• [TASK INSTRUCTIONS]: Repeat only the lines below from the one containing "One Piece : Navigational" through the one containing "Aldo Men's Navy Casual Loafers image 2", inclusive, exactly as written.

• [PROVIDED DATA]:
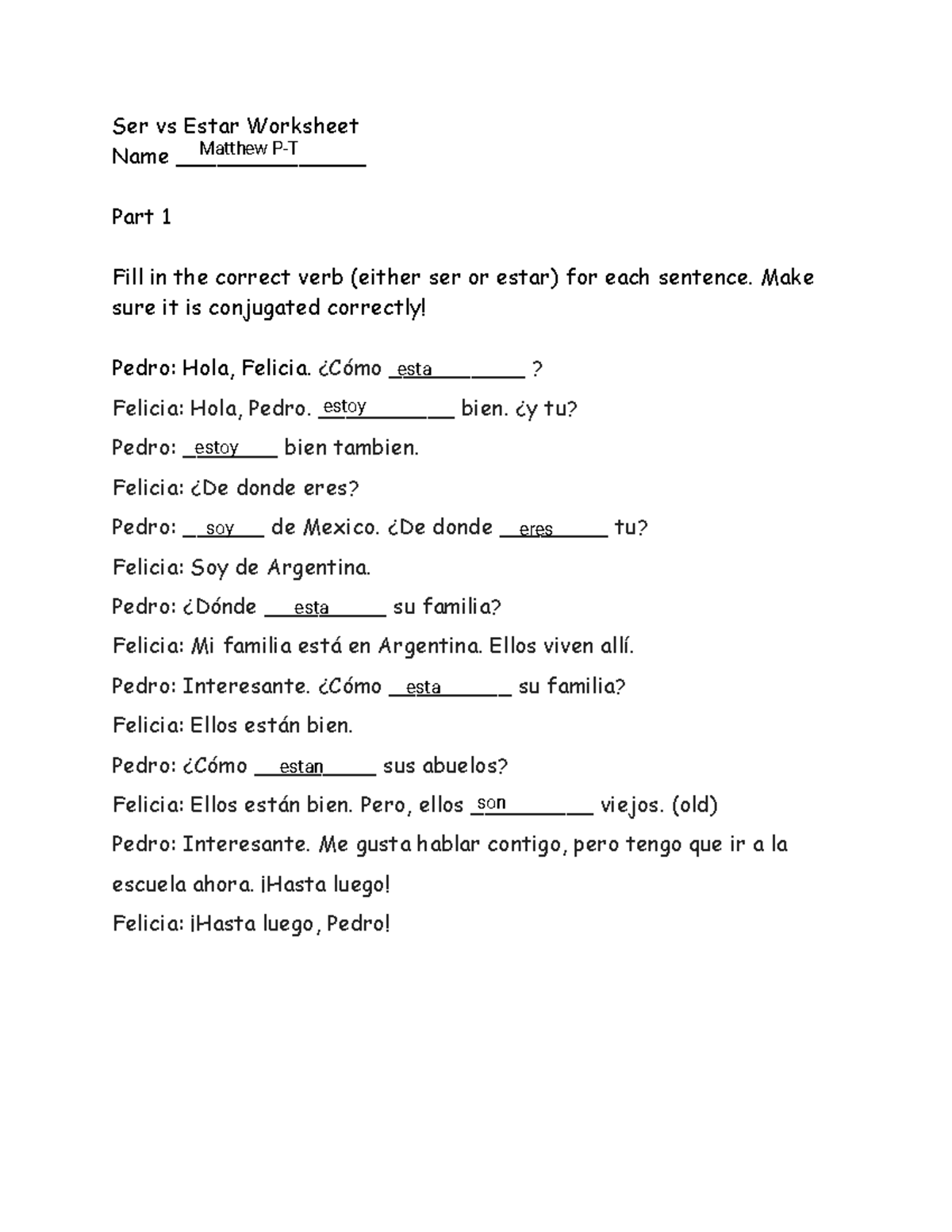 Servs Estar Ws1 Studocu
---
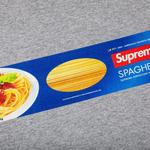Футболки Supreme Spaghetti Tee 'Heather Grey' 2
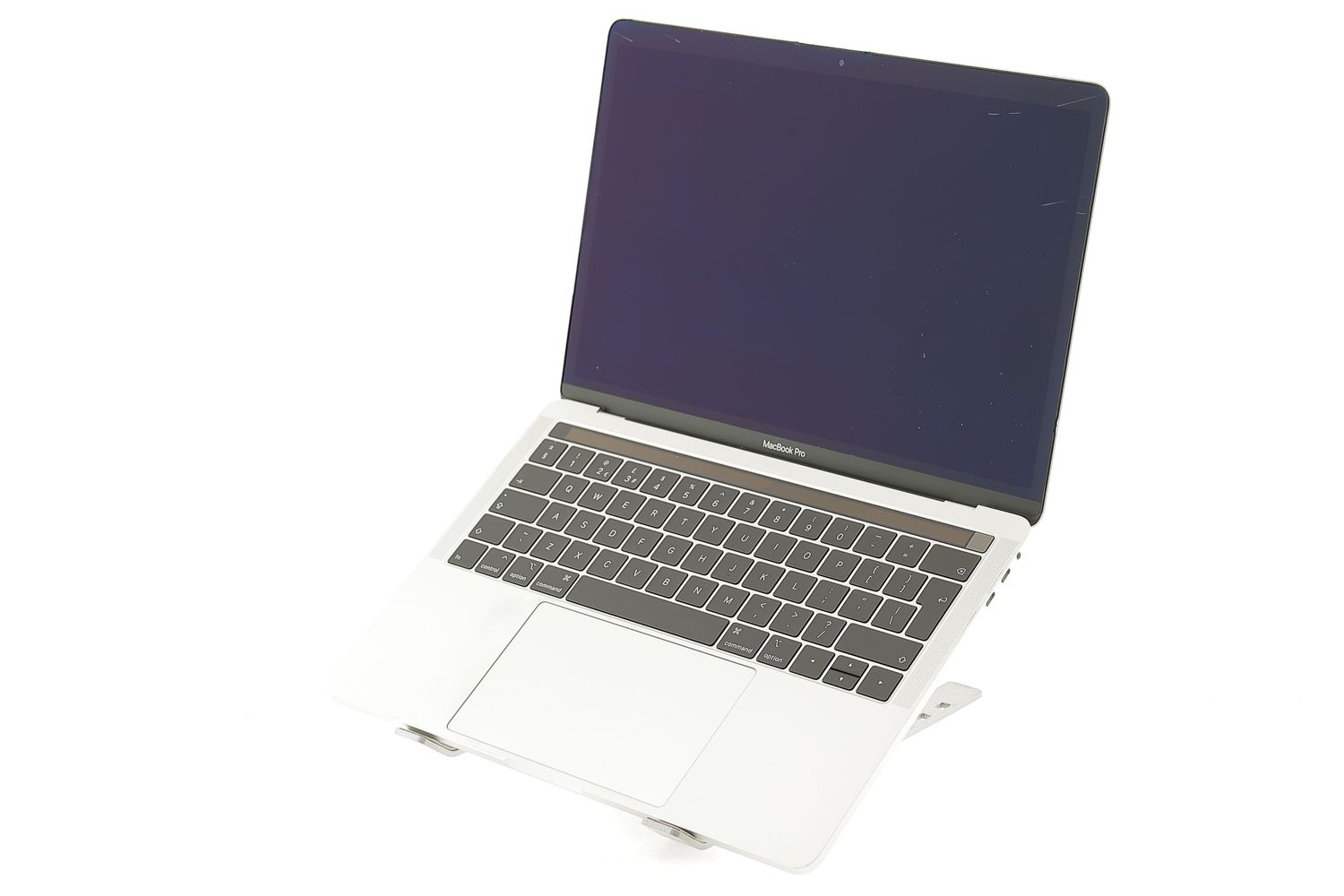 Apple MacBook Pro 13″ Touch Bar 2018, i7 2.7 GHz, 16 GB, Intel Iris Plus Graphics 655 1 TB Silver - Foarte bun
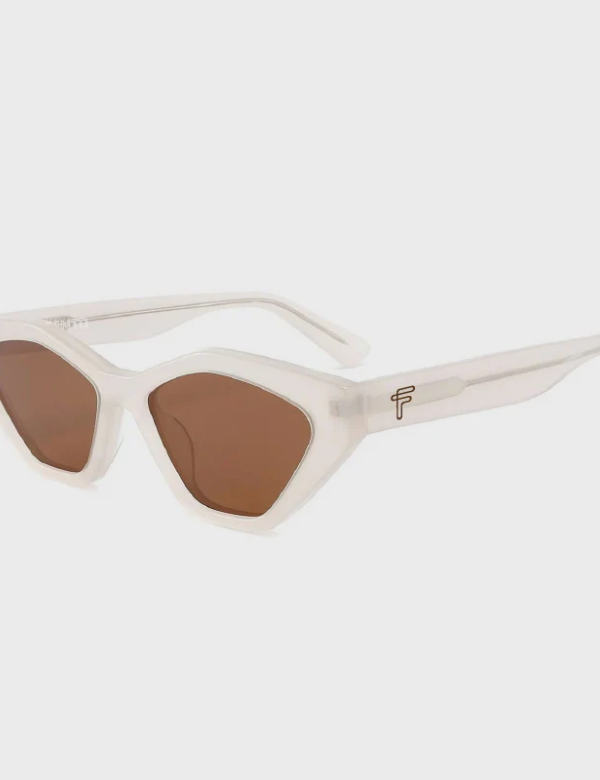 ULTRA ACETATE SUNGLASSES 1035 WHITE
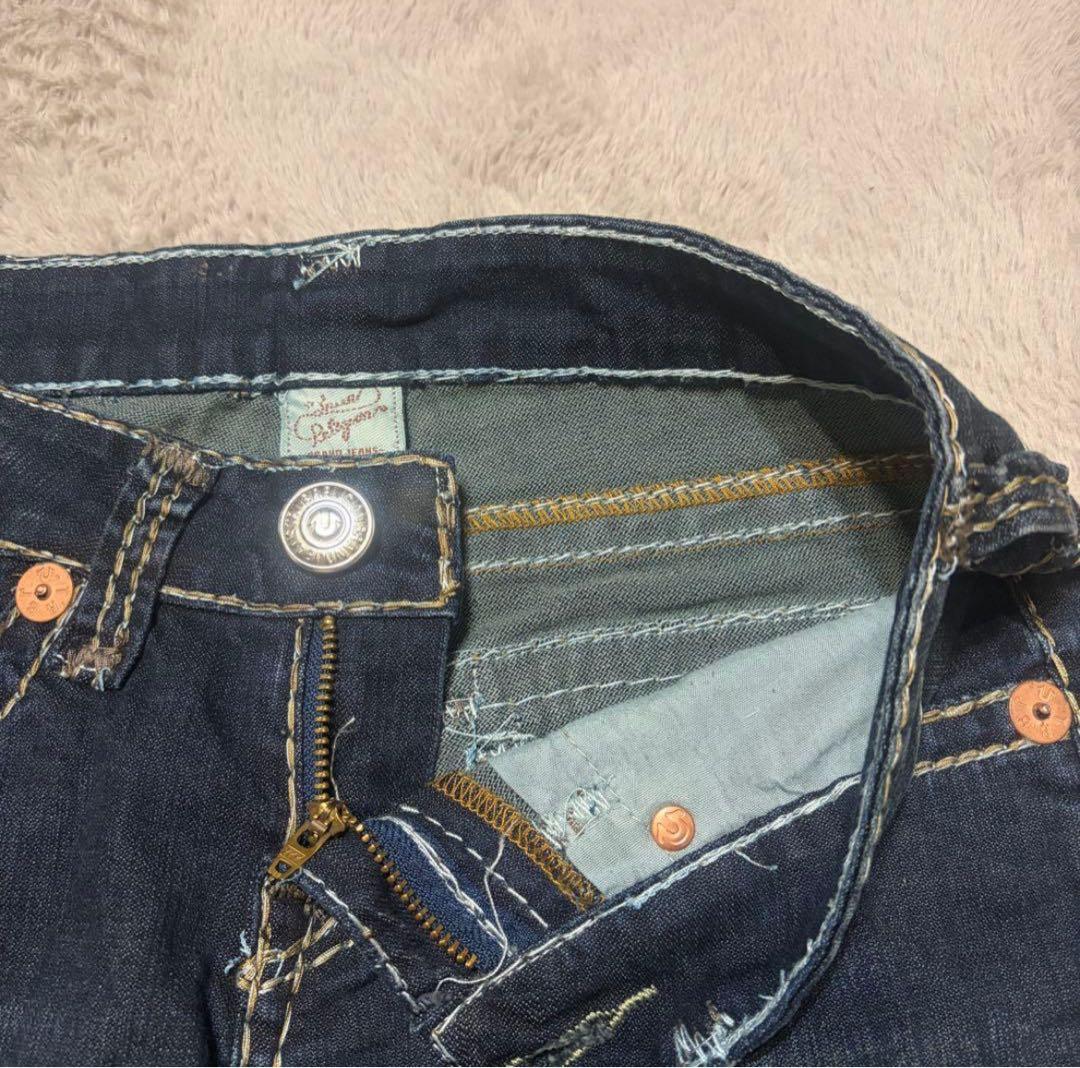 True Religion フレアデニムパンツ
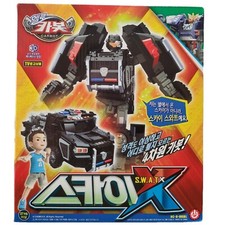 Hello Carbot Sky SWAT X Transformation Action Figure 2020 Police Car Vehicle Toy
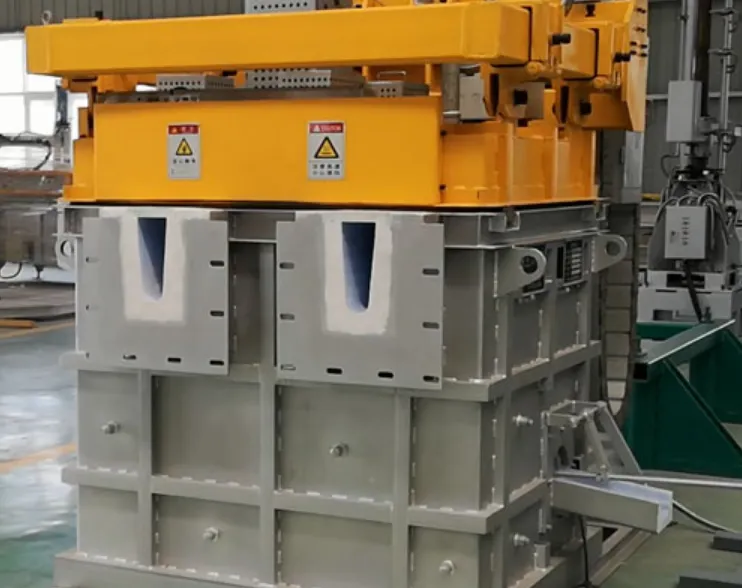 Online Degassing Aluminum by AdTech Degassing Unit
* * *
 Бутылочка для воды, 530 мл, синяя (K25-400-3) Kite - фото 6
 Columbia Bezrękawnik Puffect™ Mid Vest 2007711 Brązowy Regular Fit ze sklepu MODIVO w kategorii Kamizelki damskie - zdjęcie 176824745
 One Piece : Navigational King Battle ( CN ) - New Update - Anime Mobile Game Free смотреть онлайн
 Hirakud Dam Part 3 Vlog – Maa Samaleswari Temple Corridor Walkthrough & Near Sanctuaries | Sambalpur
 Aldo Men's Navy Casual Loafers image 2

• [RESPONSE BELOW]:
 One Piece : Navigational King Battle ( CN ) - New Update - Anime Mobile Game Free смотреть онлайн
 Hirakud Dam Part 3 Vlog – Maa Samaleswari Temple Corridor Walkthrough & Near Sanctuaries | Sambalpur
 Aldo Men's Navy Casual Loafers image 2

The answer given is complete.